■ DATA FOR THIS EXERCISE:

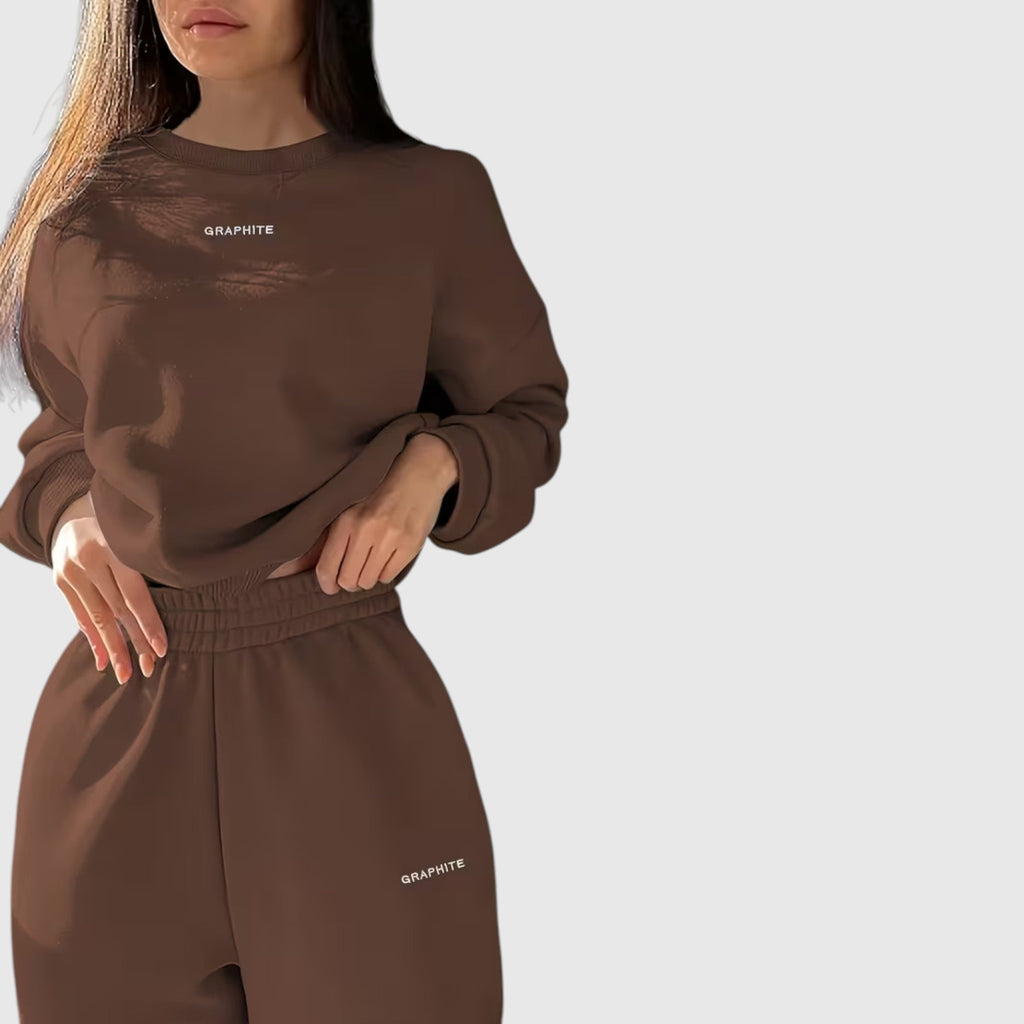 Clara | Graceful Oversized Embroidered Tracksuit Two-Piece Set
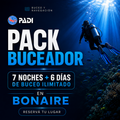 Reserva Pack Buceador Bonaire 2026
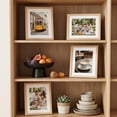 thumbnail image 4 of 8x10 Wood Photo Frame Set, 5 Colors, Wall or Tabletop Display, Black & White Prints, DIY Puzzle Frames, 4 of 6
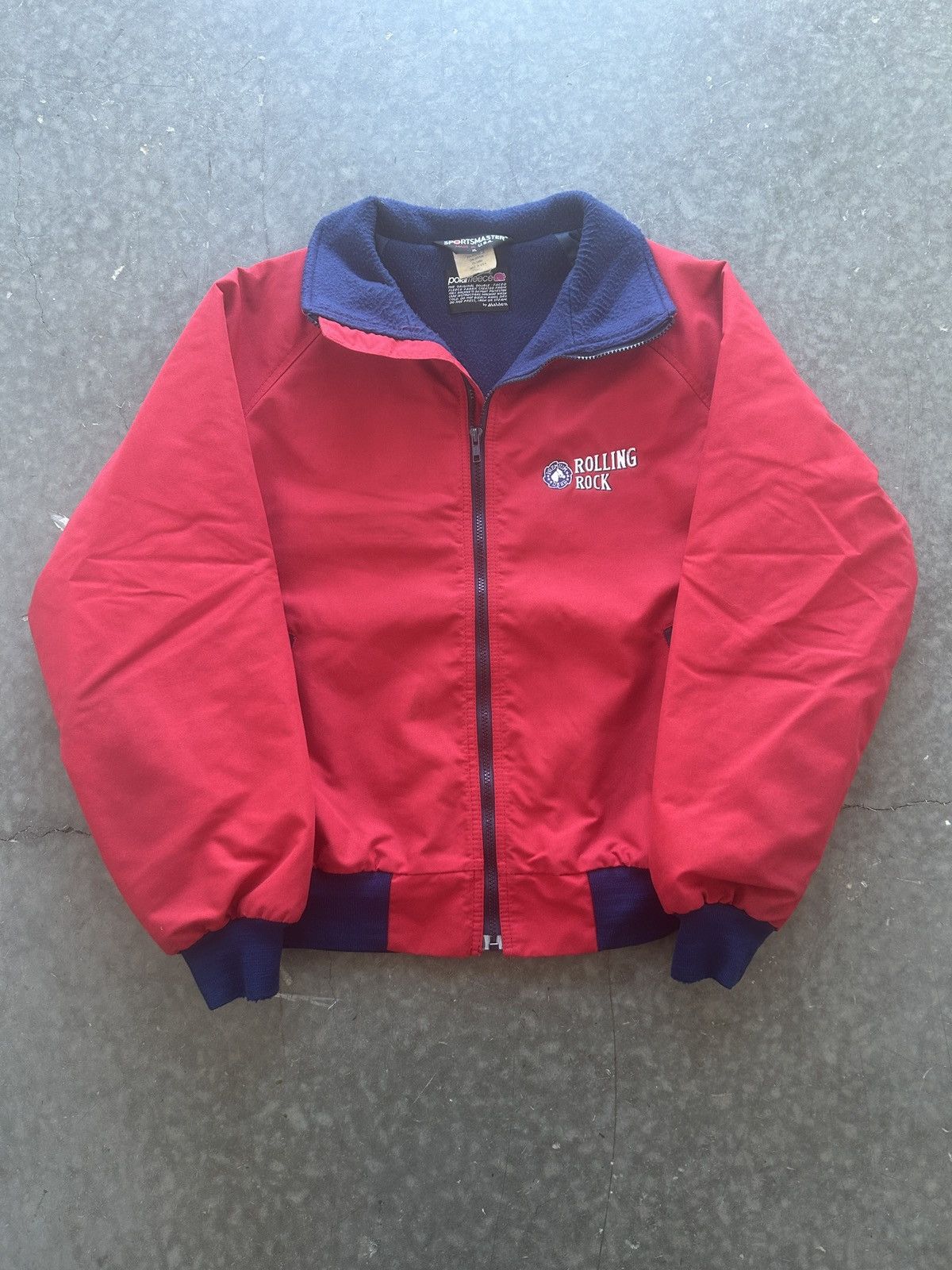 Vintage Vintage 90s Rolling Rock Beer Jacket Size US XL / EU 56 / 4 - 1 Thumbnail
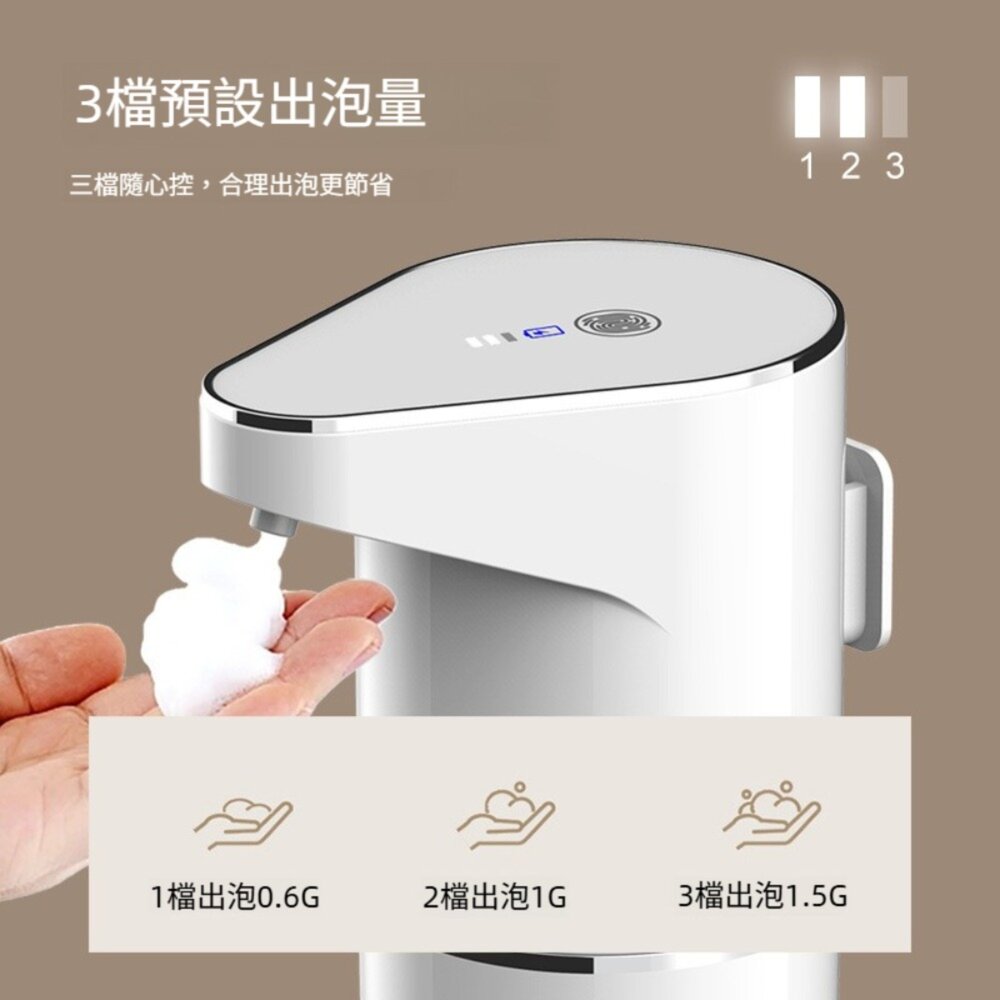 自動感應泡沫洗手機 免接觸 消毒 感應 皂液器 洗手機 送禮-圖片-1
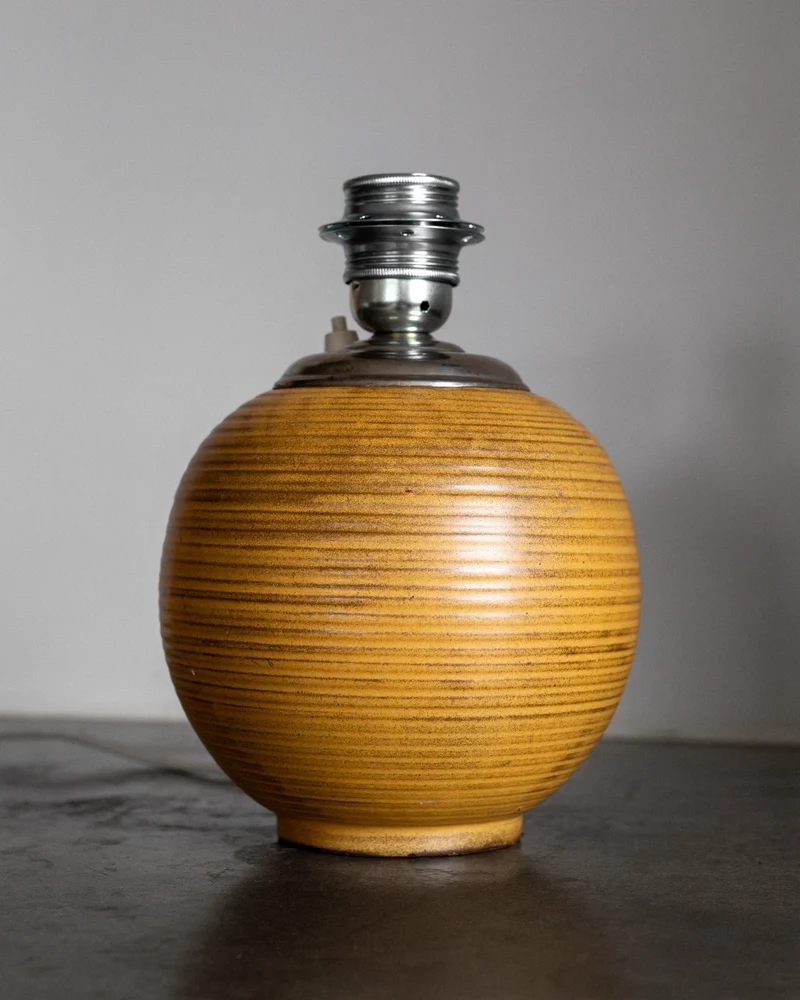 Vintage Ceramic Table Lamp, Sweden 1930s/40s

■ YOUR OBJECTIVE: The answer must be an exact restatement of all the records, with no pictures included.

■ PROBLEM SOLUTION:
 Clara | Graceful Oversized Embroidered Tracksuit Two-Piece Set
 Reserva Pack Buceador Bonaire 2026
 thumbnail image 4 of 8x10 Wood Photo Frame Set, 5 Colors, Wall or Tabletop Display, Black & White Prints, DIY Puzzle Frames, 4 of 6
 Vintage Vintage 90s Rolling Rock Beer Jacket Size US XL / EU 56 / 4 - 1 Thumbnail
 自動感應泡沫洗手機 免接觸 消毒 感應 皂液器 洗手機 送禮-圖片-1
 Vintage Ceramic Table Lamp, Sweden 1930s/40s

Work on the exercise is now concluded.